Search the records for lines that contain the word "Motorized". Copy them all.

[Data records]
:::::
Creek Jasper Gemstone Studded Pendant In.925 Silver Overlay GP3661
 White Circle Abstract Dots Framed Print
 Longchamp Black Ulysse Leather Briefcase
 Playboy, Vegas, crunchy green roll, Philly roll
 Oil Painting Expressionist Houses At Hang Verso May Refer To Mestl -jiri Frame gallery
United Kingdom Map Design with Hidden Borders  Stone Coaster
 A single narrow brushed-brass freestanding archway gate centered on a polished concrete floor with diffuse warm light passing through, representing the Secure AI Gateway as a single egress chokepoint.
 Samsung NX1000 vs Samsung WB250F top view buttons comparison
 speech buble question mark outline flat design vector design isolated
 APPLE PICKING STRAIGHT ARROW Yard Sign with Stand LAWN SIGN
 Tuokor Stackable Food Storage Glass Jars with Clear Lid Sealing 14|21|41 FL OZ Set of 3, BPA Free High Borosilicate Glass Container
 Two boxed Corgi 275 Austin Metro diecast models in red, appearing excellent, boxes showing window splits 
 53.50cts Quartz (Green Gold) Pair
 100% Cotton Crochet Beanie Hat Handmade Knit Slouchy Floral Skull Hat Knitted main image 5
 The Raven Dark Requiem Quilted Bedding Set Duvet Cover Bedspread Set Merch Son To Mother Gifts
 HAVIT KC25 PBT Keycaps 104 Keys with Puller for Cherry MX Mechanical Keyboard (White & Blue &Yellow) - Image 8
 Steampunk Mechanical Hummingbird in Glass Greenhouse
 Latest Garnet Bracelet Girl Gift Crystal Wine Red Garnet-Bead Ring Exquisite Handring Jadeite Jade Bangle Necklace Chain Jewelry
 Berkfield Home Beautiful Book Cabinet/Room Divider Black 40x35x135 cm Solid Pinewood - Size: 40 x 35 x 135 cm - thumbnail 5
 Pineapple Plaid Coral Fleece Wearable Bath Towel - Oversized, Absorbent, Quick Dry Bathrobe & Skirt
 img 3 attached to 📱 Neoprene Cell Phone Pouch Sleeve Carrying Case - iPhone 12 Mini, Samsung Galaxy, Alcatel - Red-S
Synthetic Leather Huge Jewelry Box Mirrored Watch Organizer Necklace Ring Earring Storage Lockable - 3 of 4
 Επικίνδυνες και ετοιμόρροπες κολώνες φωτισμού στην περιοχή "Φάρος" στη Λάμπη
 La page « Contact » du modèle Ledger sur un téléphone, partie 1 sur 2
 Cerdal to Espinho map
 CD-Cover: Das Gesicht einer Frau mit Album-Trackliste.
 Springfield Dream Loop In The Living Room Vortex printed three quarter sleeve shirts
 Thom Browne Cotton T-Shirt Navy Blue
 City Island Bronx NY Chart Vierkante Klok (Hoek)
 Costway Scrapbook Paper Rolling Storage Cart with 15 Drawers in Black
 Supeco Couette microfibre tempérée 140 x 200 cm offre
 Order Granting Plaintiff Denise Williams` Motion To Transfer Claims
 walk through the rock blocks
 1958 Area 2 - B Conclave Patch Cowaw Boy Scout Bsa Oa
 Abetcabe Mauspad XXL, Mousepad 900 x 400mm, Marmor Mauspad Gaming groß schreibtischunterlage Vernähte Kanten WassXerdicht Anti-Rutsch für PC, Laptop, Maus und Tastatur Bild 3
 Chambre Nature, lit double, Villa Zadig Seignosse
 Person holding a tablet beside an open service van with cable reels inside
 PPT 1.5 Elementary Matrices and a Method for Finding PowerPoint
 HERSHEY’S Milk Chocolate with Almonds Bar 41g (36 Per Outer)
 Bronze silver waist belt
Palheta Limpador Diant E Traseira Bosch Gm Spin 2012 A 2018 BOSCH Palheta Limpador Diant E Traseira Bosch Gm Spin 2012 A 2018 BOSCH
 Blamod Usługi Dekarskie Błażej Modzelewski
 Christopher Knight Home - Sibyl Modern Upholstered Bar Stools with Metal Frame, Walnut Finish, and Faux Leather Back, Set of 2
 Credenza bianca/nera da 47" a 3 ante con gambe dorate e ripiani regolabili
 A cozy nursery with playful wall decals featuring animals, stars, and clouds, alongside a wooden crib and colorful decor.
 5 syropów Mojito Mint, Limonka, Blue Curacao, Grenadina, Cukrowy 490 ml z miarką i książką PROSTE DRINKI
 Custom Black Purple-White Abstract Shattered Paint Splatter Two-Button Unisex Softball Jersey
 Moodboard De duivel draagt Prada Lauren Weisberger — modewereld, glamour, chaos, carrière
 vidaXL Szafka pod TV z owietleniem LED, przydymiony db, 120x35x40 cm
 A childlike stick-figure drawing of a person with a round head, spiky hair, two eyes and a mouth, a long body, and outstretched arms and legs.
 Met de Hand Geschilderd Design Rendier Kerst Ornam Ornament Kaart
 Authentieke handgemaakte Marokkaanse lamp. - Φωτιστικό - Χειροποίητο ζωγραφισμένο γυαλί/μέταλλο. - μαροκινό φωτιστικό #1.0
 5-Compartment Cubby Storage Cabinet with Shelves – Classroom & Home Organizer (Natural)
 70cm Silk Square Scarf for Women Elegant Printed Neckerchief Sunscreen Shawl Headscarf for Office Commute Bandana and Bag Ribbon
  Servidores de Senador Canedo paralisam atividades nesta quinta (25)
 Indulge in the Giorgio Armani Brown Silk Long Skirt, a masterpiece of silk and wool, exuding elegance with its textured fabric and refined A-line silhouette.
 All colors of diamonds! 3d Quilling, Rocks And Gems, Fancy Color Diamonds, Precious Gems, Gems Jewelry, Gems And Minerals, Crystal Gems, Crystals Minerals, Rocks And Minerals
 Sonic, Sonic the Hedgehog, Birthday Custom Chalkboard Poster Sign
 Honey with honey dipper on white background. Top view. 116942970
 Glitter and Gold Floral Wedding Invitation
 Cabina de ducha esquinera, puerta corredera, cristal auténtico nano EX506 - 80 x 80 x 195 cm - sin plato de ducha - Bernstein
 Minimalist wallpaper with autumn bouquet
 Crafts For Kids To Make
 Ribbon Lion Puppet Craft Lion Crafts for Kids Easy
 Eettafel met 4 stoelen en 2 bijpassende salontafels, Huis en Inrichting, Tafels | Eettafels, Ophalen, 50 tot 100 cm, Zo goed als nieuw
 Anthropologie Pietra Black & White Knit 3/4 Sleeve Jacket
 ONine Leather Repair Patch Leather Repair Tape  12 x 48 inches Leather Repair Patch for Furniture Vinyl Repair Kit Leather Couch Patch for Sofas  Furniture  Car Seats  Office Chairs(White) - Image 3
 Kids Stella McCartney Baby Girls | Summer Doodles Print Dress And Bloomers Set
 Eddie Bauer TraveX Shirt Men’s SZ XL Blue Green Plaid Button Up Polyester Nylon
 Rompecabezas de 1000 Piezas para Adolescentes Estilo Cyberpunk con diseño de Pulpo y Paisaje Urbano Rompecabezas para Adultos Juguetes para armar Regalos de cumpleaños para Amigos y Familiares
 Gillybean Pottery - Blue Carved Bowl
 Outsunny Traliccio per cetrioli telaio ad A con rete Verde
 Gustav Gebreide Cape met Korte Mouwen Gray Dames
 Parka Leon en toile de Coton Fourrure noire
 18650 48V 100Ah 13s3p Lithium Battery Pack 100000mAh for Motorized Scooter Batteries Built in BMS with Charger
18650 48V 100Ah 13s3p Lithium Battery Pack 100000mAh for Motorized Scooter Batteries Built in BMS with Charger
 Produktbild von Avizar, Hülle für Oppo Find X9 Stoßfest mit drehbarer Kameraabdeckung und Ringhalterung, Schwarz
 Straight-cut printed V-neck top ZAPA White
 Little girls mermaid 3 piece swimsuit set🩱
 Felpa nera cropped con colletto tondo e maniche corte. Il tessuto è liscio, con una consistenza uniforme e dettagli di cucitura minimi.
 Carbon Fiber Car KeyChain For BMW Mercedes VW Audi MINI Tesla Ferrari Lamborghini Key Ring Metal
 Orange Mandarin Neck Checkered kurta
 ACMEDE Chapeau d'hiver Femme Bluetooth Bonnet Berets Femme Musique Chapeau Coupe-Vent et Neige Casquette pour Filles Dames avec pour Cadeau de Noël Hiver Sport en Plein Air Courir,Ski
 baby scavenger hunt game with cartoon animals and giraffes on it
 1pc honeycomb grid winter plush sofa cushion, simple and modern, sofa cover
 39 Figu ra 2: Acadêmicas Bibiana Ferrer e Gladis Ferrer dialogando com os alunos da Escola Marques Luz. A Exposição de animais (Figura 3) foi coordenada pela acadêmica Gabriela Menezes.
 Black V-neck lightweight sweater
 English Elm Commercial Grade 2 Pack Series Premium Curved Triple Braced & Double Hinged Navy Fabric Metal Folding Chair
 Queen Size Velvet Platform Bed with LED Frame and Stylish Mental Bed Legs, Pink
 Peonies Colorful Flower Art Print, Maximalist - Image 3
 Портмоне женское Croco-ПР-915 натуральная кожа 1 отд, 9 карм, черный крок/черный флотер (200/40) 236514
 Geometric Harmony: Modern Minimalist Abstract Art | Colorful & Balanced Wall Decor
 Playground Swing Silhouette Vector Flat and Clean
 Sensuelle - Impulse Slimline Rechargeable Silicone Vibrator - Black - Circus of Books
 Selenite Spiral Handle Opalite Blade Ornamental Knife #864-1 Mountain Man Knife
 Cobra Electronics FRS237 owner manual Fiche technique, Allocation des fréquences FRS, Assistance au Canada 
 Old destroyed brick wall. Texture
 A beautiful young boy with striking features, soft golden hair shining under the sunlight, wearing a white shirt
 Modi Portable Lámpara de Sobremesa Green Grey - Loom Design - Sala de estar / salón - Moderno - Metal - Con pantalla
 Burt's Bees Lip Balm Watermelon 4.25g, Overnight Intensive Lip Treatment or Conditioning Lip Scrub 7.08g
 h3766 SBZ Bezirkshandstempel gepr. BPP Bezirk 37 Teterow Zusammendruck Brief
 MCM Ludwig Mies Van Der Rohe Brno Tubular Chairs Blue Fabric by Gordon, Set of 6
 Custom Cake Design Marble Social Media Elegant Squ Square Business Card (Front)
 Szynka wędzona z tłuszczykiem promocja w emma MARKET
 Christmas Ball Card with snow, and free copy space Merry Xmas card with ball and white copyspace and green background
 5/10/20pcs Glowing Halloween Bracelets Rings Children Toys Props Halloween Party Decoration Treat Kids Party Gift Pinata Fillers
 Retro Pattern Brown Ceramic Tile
:::::
» OUTPUT:
 18650 48V 100Ah 13s3p Lithium Battery Pack 100000mAh for Motorized Scooter Batteries Built in BMS with Charger
18650 48V 100Ah 13s3p Lithium Battery Pack 100000mAh for Motorized Scooter Batteries Built in BMS with Charger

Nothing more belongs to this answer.